Preventing harmful crime through evidence-based policing
At a time when police resources are stretched to the limit in the UK, City of London Police has used ArcGIS to implement a new, evidence-based approach to urban policing. The force is now operating more strategically, increasing its arrests and preventing harmful crimes at the heart of London’s financial centre.
ArcGIS Pro provides critical insight through identification and analysis of the most harmful crime locations
ArcGIS story maps put new intelligence about crime into the hands of officers on the beat, in an interactive format
Esri UK consultants helped the force to turn academic research into a highly effective, real-world policing tool
While the City of London covers little more than a square mile and has just 8,000 permanent residents, it is visited every day by over 500,000 workers, students and tourists. In addition, the area’s 715 streets are all highly urbanised and surrounded by historic buildings, high value business premises and soaring skyscrapers, making this financial district an incredibly challenging environment for policing. Following a gradual reduction in funding, City of London Police needed to find a smarter, more targeted approach to crime prevention that would optimise the use of its resources and improve its effectiveness.
“Arrests have increased dramatically since we started to focus our efforts on those priority crime areas identified by ArcGIS.”
Detective Inspector Lee Bowen, City of London Police
For many years, City of London Police has used Esri’s ArcGIS platform to help it analyse patterns in crime and plan policing responses. Through a research programme at Cambridge University, the force identified an opportunity to leverage advanced functionality within the ArcGIS platform and develop a new smarter approach to crime prevention. It then worked with Esri UK to elevate the use of its existing ArcGIS solutions and transform the academic research into a real-world policing tool.
Under the leadership of Detective Inspector Lee Bowen, City of London Police first used algorithms in ArcGIS Pro to analyse a database of 21,000 crimes and identify where the most crime was taking place, in the fewest locations.
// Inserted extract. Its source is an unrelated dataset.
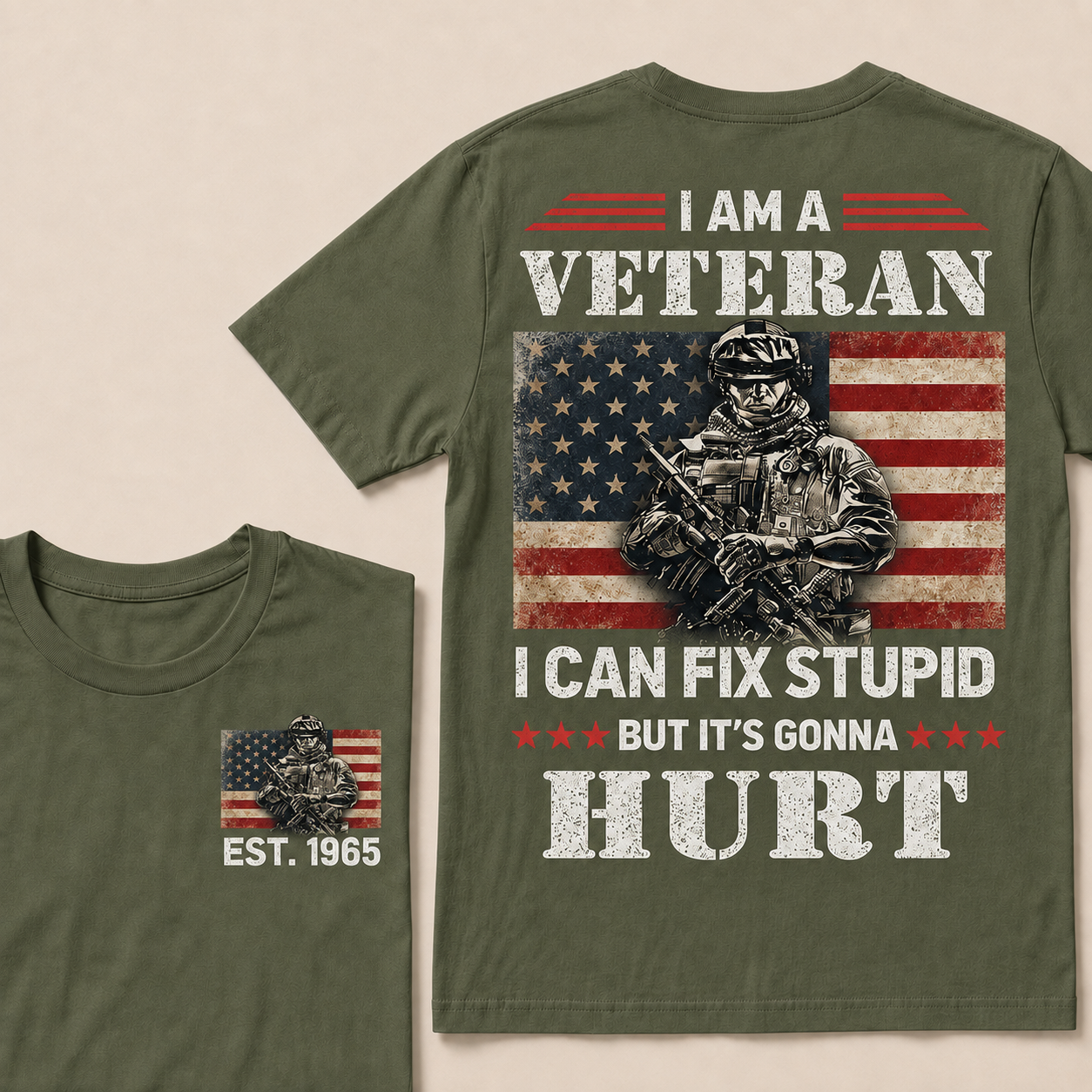 I Am A Veteran I Can Fix Stupid But It's Gonna Hurt Custom Year Tops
While the force had used ArcGIS before to show crime hot spots, its new, more advanced spatial analysis enables police officers to pinpoint the fewest locations where the most crimes take place and therefore identify policing priorities with a previously-unattainable level of precision.
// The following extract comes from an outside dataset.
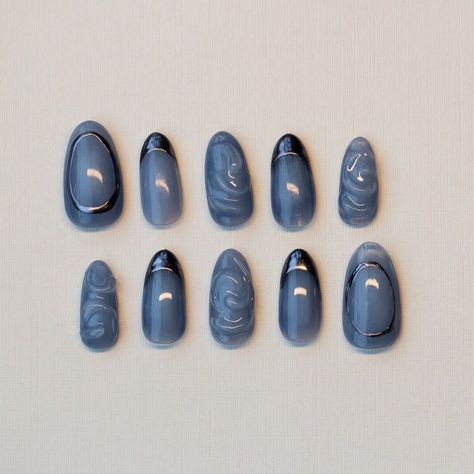 Denim Inspired Nails, Summer Water Nails, Water Inspired Nails, Water Nails Design, Nail Designs Aesthetic, Acrylics Blue, Denim Nails, Water Nail Art, Nail Sizing Kit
Next, City of London Police used ArcGIS Pro to analyse the relative harm caused by each individual crime, using the Cambridge Crime Harm Index as a way of measuring the severity of crimes. This spatial analysis revealed only a handful of 50m2 locations with a high proportion of serious crime and gave police officers unequivocal evidence of the areas where it should focus its activities, for the first time.
City of London Police then used ArcGIS to develop interactive story maps to make all of its new intelligence about priority policing areas and harmful crime accessible to police officers in a format that is easy for them to understand. Officers working on the beat now use these story maps on mobile devices to get instant access to information on specific crimes in their locations, right when they need it.
“Our use of spatial analysis helps to put the police ahead of the criminal.”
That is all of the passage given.